Hero is a 1980 board game published by Yaquinto Publications.

Gameplay
Hero, the first board game published by Yaquinto Publications., is an adventure game for 2-3 players that takes place in the maze of a twisting catacomb.

Each player is given a certain number of points with which to buy attributes for his hero: courage, comeliness, class, intelligence, and luck. The player can also choose to purchase armour, although that will count against his score at the end of the game. Each hero is then given a separate dungeon full of monster to explore. The first hero to reach the dungon exit wins the favour of  Princess Alysa and wins the game. If more than one hero reaches her during the same turn, the princess chooses the game winner based on the sum of each hero's ability scores (subtracting points if the hero wore armour), as well as points for treasure found and number of monsters killed.

Game components include a record-album shaped slipcover that opens to reveal the dungeon maps, and 150 counters.

Reception
In the August 1980 edition of The Space Gamer (Issue No. 30), Paul Manz found it a simple and enjoyable game, saying, "Hero has very high-quality components.

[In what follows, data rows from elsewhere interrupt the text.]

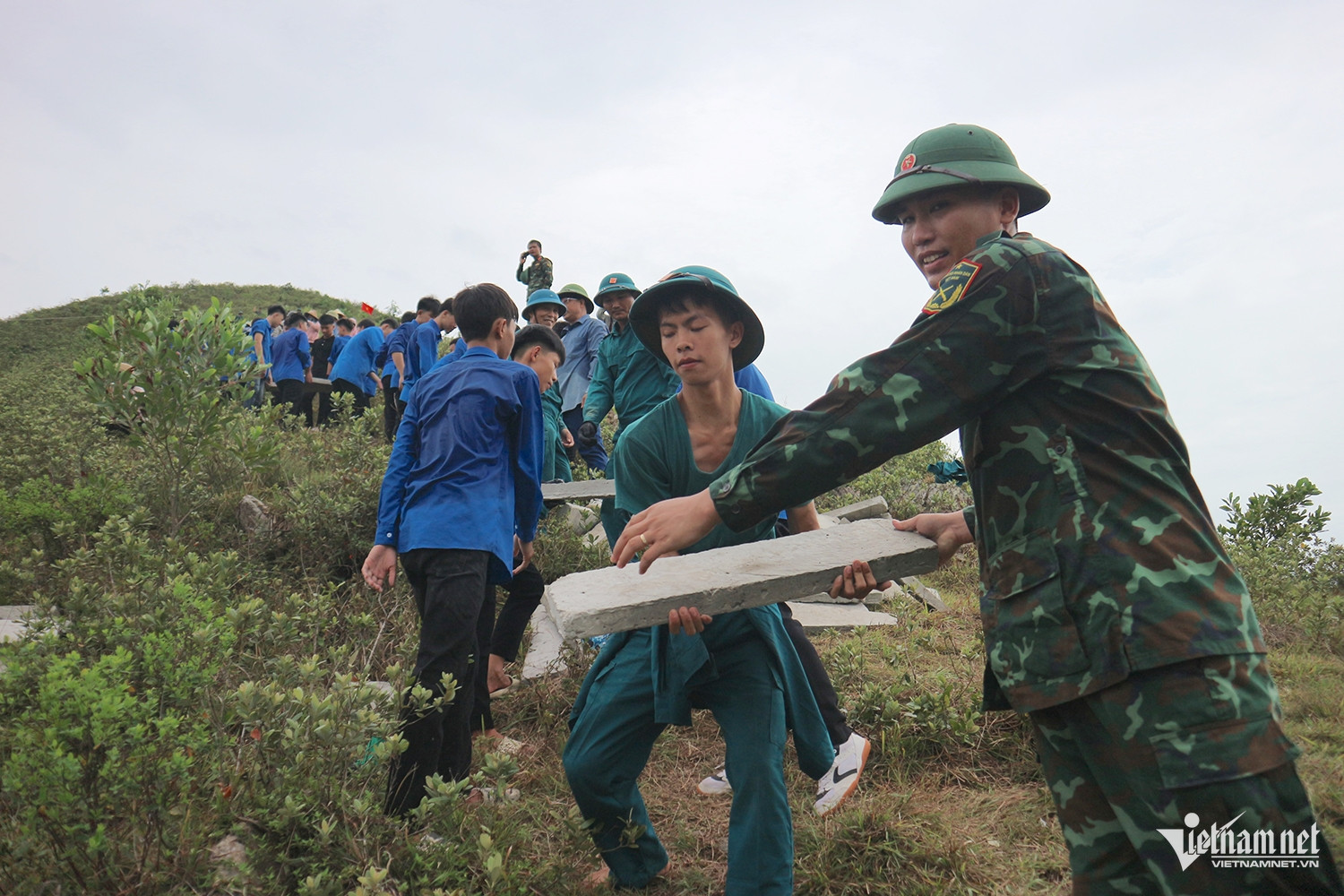 W-ghép chữ.JPG.jpg
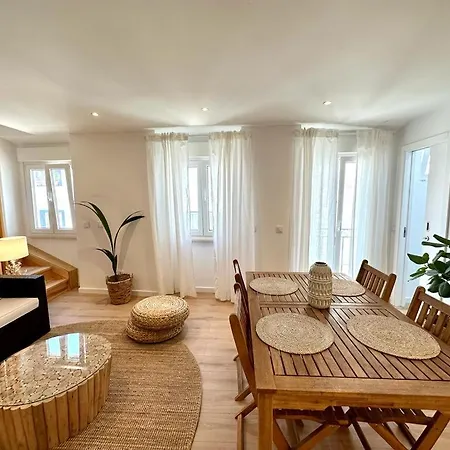 Apartamento Duplex 2 Min Da Praia Nazaré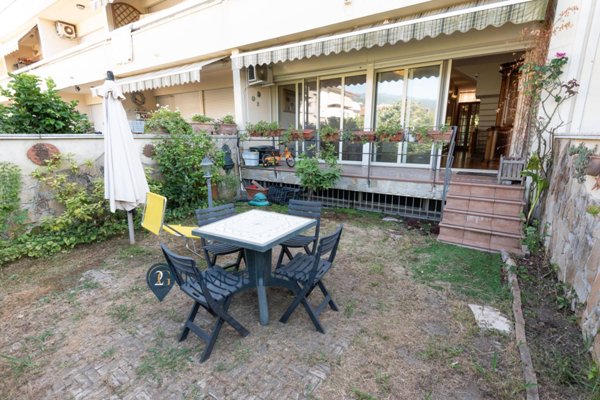 casa indipendente in vendita a Luni in zona Casano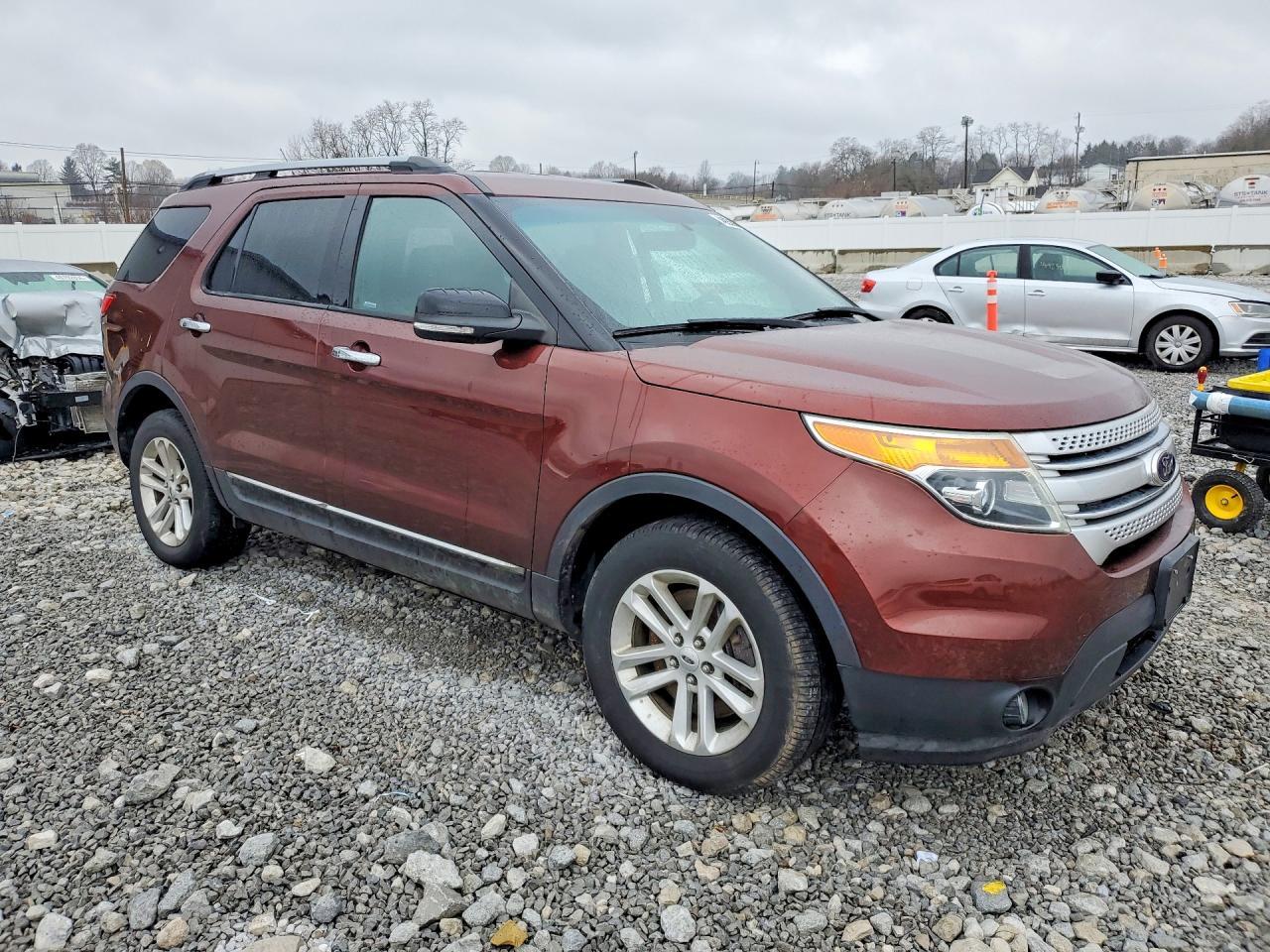 2015 Ford Explorer Xlt - Image 4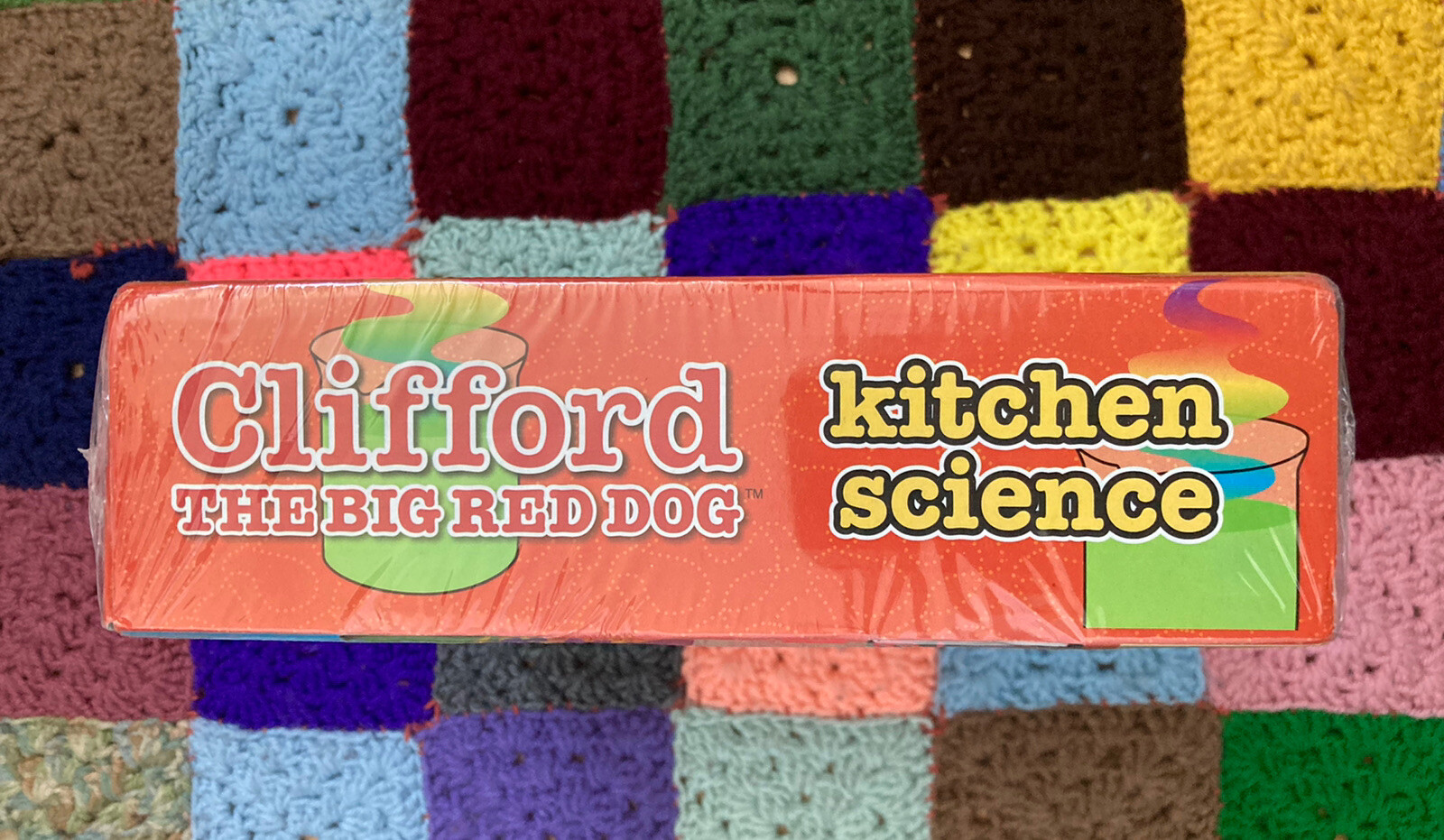 Scholastic Clifford The Big Red Dog Kitchen Science Kit Ages 3+ Sealed BRAND NEW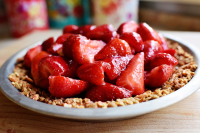 Strawberry Pretzel Pie - The Pioneer Woman – Recipes ... image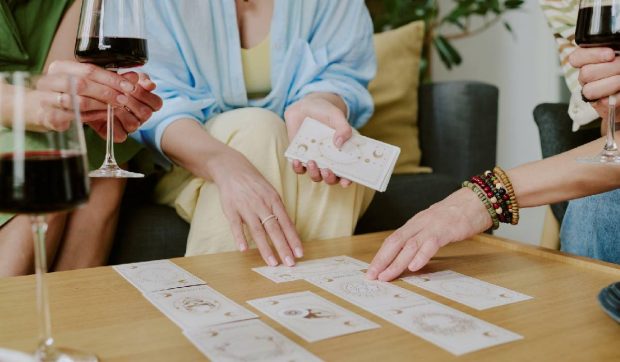 Tarot cu merlot: tinerii din China preferă să-și cheltuie banii „spiritual”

It's a relaxing change from the other, involved, complicated fantasy adventure games, and for [the price] it's a great buy!" 

In the November 1980 edition of Dragon (Issue 43), Roberto Camino found the production values to be professional and the cover art "eye-catching". Despite the relatively high cost and lack of replayability over time, Camino recommended it for players new to the fantasy genre, saying, "Hero is an enjoyable game, due greatly to the device of the player who controls a hero as well as the monsters which are arrayed against an opposing hero. However, after a few playings, it becomes repetitive and a bit worn. What Hero is tailor made for is as an introductory game, utilizing the strong allure of superior graphics to entice a newcomer, showing him a good game and leaving him wanting more."